[MLton-user] 'a ref for C programmers: a primer

Mon Feb 12 10:02:02 PST 2007

As a former C programmer, I've always been confused by 'a ref in SML.
I wanted to state how I've come to think about them for anyone else  
who is confused.

Please let me know if there's a mistake anywhere!

Normal variable bindings are by reference, or pointers to the value  
(in principle).
For example,
> val x = SomeVector
> val y = x
will share space, both point to the same object in the heap. This  
applies (in principle) to every object, even integers. Every object  
lives on the heap. Bindings are just pointers to these objects.   
Whenever you access a value by a name, you are implicitly  
dereferencing the pointer to the object pointed to.

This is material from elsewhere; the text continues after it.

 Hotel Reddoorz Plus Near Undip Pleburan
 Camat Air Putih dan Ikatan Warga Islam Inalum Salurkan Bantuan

However, MLton is clever enough to sometimes recognize that it's  
cheaper to just copy a variable, rather than store it on the heap.  
This is subject to some safety criteria that ensure the program  
cannot distinguish the behaviour from the 'every binding is a  
pointer' interpretation above. Another criteria is that the object is  
not 'too big', which would waste memory.

With an 'a vector, MLton may choose to pack the object directly into  
the vector. For example, int vector will not include binding pointers  
for each cell. If the contained object is too big, or too  
complicated, MLton may still use a pointer in the vector if it chooses.

When you write
> val x = ref 0
> val y = x
this creates a special mutable pointer on the heap. The binding 'x'  
points to the mutable pointer. The mutable pointer points to the  
integer 0. Thus, when you copy x to y, both binding x and binding y  
point to the same mutable pointer. When updating a ref, you first  
follow the binding's pointer to the mutable pointer, then modify the  
mutable pointer to point at something else. This is why 'y := 5'  
updates the value of '!x'.

Again, MLton is clever about these pointers and can optimize them  
away subject to safety criteria. In the above example, it could  
recognize that the integer 0 could simply be stored where the mutable  
pointer should be. This is analogous to how it can decide to  
eliminate the binding pointer for non-ref values. However, in this  
case it is the mutable pointer saved, not the binding pointer. If the  
ref'd object is too complicated, it may not be able to apply this  
optimization.

MLton may also be able to save the binding pointer. However, this  
savings will never place the mutable pointer on the stack, as a  
reference from the heap to the mutable pointer could outlive the  
current stack frame. So, when you have a variable like 'x' above, you  
are pretty much guaranteed that there is at least one level of  
indirection going on.

When an 'a ref is contained in a larger structure, MLton may be  
clever enough to embed the mutable pointer directly into the  
structure. It can only do this if the structure lives on the heap.  
For example, if you have a datatype or tuple that includes a mutable  
pointer, MLton might choose to put the mutable pointer directly  
inside the object. MLton never copies an object with an embedded  
mutable pointer, as this would be violate the 'every binding is a  
pointer' interpretation. Unfortunately, if you ever need to make  
another binding to these embedded refs, this optimization cannot be  
applied due to MLton's GC (no pointers to the inside of an object).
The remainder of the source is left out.